Cette hypothétique construction, née de mon expérience personnelle, peut paraître fantaisiste et sans rapport avec la réalité, mais il n’en est rien. A une certaine époque, j’avais dans mes relations un monsieur qui me tapait régulièrement de petites sommes, mettons tous les trois mois, et ne les remboursait jamais. La chaleur de notre relation m’interdisait bien sûr d’exiger un intérêt, et plus encore de lui mettre le couteau sous la gorge pour obtenir remboursement. Mais son manège m’agaçait de sorte que j’ai réfléchi à la façon dont il s’y prenait pour me convaincre à chaque fois de lui accorder un nouveau crédit.
Le résultat est surprenant. Il ne niait pas ses dettes, au contraire, il les mettait en valeur. Il prenait grand soin de les récapituler mais assorties de moult possibilités de remboursement qui, à l’en croire, ne devaient faire aucun doute. Autrement dit, l’argent qu’il me devait allait rentrer dans sa caisse, ce n’était plus qu’une question de jours, comme s’il avait possédé une reconnaissance de dette de quelqu’un d’autre. Et de par cette reconnaissance, bien entendue fictive, j’étais censé me laisser convaincre de sa solvabilité. Ça marchait à tous les coups, non parce que j’étais dupe, mais parce qu’il était sympa.
On peut dire qu’il me louait de l’argent en me payant de mots.Les réalistes diront qu’il me l’extorquait en me racontant des balivernes, donc que ce genre de faits relèvent de l’exception (malhonnête) qui confirme la règle contraire (honnête et réaliste). Donc, pour qui s’efforce de dire scientifiquement ce que sont les entités de base, (monnaie, dette, reconnaissance de dette, titres divers, marchandises, etc.), dans une économie supposée honnête, ce genre de faits n’est pas à prendre en compte.

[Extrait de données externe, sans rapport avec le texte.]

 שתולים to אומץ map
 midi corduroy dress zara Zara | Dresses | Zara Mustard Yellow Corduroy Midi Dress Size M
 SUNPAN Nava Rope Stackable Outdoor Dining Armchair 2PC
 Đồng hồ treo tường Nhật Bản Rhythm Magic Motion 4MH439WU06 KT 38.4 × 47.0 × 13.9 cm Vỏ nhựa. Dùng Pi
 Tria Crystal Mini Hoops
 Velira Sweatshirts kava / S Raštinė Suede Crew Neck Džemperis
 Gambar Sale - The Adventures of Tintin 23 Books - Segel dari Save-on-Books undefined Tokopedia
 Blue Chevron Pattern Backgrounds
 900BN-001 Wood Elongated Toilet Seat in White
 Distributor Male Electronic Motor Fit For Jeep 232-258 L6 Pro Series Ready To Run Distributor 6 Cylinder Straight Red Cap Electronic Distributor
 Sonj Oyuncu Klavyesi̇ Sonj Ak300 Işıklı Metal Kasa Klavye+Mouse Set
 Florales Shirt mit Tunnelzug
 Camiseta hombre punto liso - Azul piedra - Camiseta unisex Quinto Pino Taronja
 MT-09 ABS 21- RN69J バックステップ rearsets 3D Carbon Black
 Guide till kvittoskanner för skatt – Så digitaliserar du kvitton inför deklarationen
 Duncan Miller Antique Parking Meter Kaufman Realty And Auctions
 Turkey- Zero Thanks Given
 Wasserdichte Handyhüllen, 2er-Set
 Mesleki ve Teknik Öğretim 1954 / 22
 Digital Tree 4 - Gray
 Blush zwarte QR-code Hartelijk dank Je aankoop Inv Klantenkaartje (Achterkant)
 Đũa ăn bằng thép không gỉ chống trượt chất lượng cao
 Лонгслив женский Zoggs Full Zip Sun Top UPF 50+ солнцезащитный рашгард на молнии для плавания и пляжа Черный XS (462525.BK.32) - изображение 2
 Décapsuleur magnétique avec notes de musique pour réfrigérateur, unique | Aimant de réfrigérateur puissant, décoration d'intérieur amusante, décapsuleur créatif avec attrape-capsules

Je doute que cette conclusion soit la meilleure. En réalité, tout le monde baratine tout le monde, car personne ne peut emprunter sans faire croire qu’il va rembourser et qu’il peut le faire. Donc, quand un créancier se déleste de son argent, il acquiert en échange une croyance et, de son propre point de vue, il peut dire que son argent a changé d’état : de « sonnant et trébuchant », il est passé à celui de « reconnaissance de dette ». Certes, il est toujours « sonnant et trébuchant » dans la poche de l’emprunteur, mais tant qu’il ne le dépense pas ! Car, à cette condition, il peut théoriquement le rendre au créancier : la « reconnaissance de dette » ne joue pas encore. Mais aussitôt qu’il le dépense, cet argent « sonnant et trébuchant » devient « reconnaissance de dette » à part entière : il y a bel et bien changement d’état. De son point de vue, bien sûr, car l’argent reste « sonnant et trébuchant » pour celui qui le récupère.
J’aurais bien d’autres petites choses à dire, mais bon, je crois avoir déjà beaucoup abusé de l’hospitalité de monsieur Jorion.
Dixit Roubini en personne sur ContreInfo : « Alors qu’au contraire, lorsqu’existe un problème d’endettement excessif, on doit convertir cette dette en participations. C’est ce que l’on fait lors des restructurations d’entreprises : convertir la dette non garantie en capital. C’est ce que l’on devrait faire avec les banques : inciter les créanciers à convertir leurs créances en actions. On pourrait procéder de même avec le marché du logement. »
L’on comprend bien la manœuvre : une fois que la dette est devenue action, le créancier peut la vendre, mais au prix du marché, qui sera moindre. C’est une façon de lui faire partager une partie des pertes.
Ce qui intéressant, dans ce tour de passe-passe, c’est que la reconnaissance de dette change d’état et de nature : la question de son remboursement ne se posant plus, elle cesse d’être dette pour devenir capital, (ce qui est bien une transmutation), tout comme elle aurait subi un autre changement d’état, et de nature, à l’échéance normale de son remboursement.